Ele observa que a China não exerce muita interferência nas relações entre Moscou e Europa, ou na agenda russo-ucraniana. No Oriente Médio, no que diz respeito à Rússia, a China tem uma atuação discreta.

Ao mesmo tempo, o professor da Universidade Estatal do Extremo Oriente afirma que a aproximação com a China não está diretamente relacionada com a tensa relação de Moscou com a Europa, pois seriam dois processos paralelos.

“Realmente a Rússia e a China têm muito em comum, inclusive sobre a agenda europeia, mas não há uma política unificada sobre a Europa entre a Rússia e a China. Há uma visão comum sobre a criação de uma grande Eurásia. Existe a concepção de uma grande parceria euroasiática”, disse.
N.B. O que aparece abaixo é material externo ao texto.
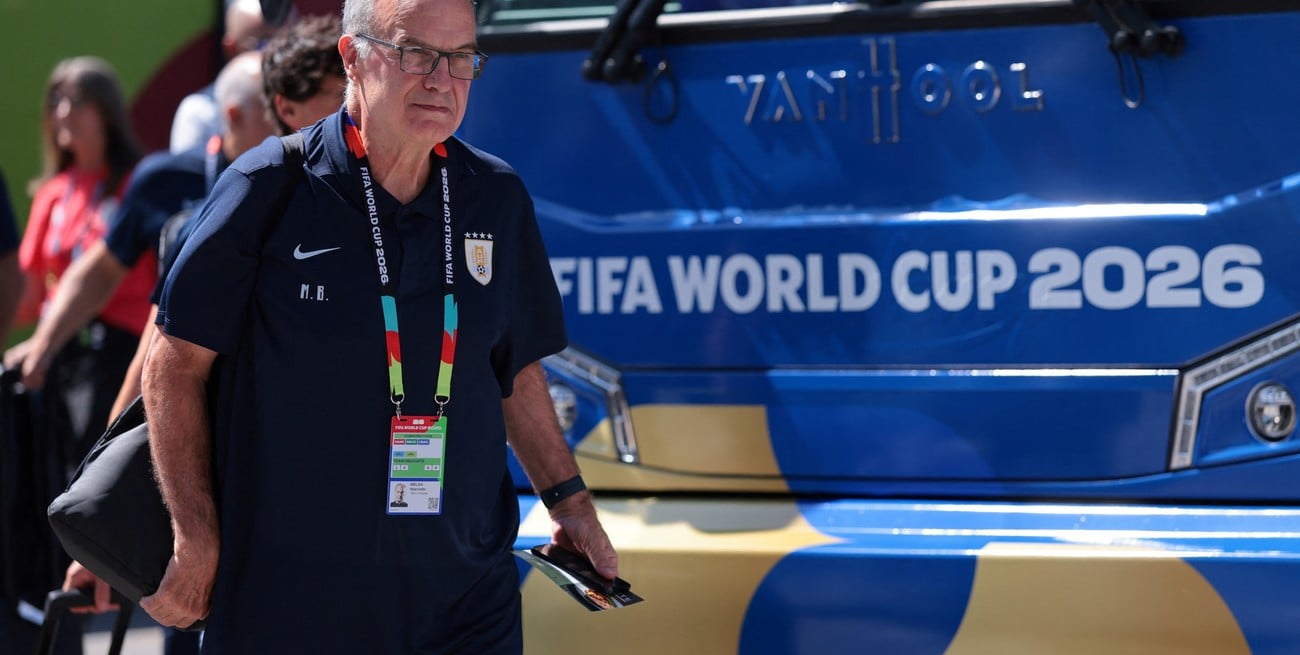 Bielsa tras el empate de Uruguay: "Somos mejores, pero hay que demostrarlo"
Já o cientista político Khalatyan Hayk afirma que a guinada da Rússia para o Oriente, em particular para a China, também se deve à pressão de sanções dos Estados Unidos e de seus aliados europeus. Para ele, o objetivo da Rússia e da China é justamente a formação de uma nova ordem mundial: “um mundo multipolar sem hegemonia dos EUA”.

“É por isso que a declaração de Vladimir Putin e Xi Jinping fala em fortalecer a OTSC e intensificar o trabalho para vincular a União Econômica Eurasiática à iniciativa chinesa da Nova Rota da Seda [megaprojeto chinês que financia e constrói infraestrutura como portos, estradas, ferrovias, redes de telecomunicações e aeroportos em dezenas de países]”, diz Hayk.  

O pesquisador acrescenta que essa guinada sugere que “Moscou e Pequim não querem se limitar a um formato bilateral”, e abrem espaço para se juntarem a outros grandes países eurasianos, que também “sofrem pressão dos Estados Unidos ou defendem um mundo multipolar”.